Né en 1879 à Boulay ( Moselle ), Frédéric Haerpfer commença son apprentissage au sein de l'entreprise paternelle en 1894. il effectua plusieurs stages de pefrectionnement, chez Weigle ( Stuttgart ) tout d'abord, en 1900, puis chez Vincenzo Mascioni à Milan en 1905. Il apprit en Italie de nombreuses caractéristiques des instruments de ce pays, dont il eut l'occasion de participer à certains projets.

C'est en 1919, en pleine période de reconstruction, que Frédéric Haerpfer reprit la direction de l'entreprise familiale, dans de nouveaus ateliers à la pointe de la technologie.

Son premier ouvrage connu fut alors l'orgue de Steinseltz ( Bas Rhin ) , suivi des reconstructions des orgues Mosellans de Vic-sur-Seille et Moyeuvre-Grande, puis du Grand-Orgue de la cathédrale de Luxembourg.

Il se mit alors à expérimenter des systèmes de transmission mixtes, mécano-pneumatique, pneumatique tubulaire, et expérimenta également un système de traction électro-pneumatique à Uckange ( 1932 ) et à la cathédrale de Metz ( 1934 ).

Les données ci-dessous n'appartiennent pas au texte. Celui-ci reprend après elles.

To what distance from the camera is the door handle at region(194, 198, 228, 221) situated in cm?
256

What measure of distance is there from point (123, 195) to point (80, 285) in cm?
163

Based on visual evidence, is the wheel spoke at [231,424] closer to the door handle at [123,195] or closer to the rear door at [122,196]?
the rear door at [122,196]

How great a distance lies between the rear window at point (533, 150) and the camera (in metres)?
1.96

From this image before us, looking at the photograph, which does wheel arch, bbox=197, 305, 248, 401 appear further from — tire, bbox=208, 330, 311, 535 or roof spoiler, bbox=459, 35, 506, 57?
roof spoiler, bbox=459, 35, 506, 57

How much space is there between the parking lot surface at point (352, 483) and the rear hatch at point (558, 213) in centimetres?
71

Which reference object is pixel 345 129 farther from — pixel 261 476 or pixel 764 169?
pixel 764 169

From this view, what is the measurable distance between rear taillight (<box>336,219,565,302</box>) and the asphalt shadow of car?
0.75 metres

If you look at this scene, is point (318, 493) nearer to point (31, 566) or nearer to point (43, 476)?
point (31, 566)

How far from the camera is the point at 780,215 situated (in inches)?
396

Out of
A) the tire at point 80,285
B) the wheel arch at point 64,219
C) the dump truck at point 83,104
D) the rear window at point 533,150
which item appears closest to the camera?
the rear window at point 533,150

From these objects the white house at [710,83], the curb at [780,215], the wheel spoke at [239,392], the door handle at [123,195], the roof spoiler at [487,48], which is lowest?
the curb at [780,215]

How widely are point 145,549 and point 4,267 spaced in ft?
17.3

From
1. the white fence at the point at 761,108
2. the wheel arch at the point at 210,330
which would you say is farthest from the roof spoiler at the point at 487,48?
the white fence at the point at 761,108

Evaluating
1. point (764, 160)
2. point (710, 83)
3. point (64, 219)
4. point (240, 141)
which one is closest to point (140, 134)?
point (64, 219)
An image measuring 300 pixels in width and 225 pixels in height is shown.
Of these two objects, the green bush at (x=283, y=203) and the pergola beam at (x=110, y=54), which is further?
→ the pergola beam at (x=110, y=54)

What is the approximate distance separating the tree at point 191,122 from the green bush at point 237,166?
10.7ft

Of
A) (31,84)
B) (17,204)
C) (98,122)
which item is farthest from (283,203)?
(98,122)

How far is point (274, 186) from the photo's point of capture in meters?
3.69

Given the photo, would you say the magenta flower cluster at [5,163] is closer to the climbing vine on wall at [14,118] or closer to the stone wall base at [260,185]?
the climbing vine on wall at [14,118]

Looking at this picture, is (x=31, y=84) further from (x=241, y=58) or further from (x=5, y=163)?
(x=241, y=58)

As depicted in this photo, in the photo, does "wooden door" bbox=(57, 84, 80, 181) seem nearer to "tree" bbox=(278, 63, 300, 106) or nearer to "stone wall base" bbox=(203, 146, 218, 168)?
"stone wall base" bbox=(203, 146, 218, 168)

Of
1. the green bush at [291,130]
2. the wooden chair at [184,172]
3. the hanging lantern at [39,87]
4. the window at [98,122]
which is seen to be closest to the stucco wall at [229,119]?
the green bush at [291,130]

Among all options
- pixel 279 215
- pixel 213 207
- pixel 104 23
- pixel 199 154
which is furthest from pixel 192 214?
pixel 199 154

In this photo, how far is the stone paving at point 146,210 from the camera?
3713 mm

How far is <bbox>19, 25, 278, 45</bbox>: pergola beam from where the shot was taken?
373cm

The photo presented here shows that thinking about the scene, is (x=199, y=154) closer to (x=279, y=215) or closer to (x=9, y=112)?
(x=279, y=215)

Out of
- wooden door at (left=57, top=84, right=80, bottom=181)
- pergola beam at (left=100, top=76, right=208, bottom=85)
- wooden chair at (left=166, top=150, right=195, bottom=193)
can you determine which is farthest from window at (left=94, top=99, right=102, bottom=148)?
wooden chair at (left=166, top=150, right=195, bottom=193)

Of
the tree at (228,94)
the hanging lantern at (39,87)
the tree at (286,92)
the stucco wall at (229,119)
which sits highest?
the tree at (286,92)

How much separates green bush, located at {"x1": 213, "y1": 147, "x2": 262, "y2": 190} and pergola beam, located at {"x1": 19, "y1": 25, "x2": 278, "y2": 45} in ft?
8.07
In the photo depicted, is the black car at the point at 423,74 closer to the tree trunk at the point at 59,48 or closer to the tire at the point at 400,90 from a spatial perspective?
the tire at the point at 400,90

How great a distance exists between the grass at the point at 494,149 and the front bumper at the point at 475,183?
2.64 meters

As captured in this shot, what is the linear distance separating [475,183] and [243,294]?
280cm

Il ne renouvella pas l'expérience, sans doute compte tenu de l'opposition formelle vis à vis de ce mode de transmission par Albert Schweitzer, avec qui il s'était lié d'amitié lors de la reconstruction de l'orgue de Saint Thomas de Strasbourg, en 1905.

De 1931 à la deuxième guerre mondiale, l'entreprise Haerpfer connut une période de prospérité, comprenant alors plus d'une trentaine d'employés.

Durant la deuxième guerre Mondiale, l'entreprise suvécut grâce à des entretiens, et par le biais de la fabrication de meubles et de cercueils.

Frédéric Haerpfer laisse la direction de son entreprise à son fils Walter Haerpfer le 25 octobre 1946, pour devenir "expert réalisateur" en orgues pour le ministère de la reconstruction et de l'urbanisme.

Il s'établit alors à Ban-Saint-Martin ( près de Metz ) où il décède le 11 décembre 1956.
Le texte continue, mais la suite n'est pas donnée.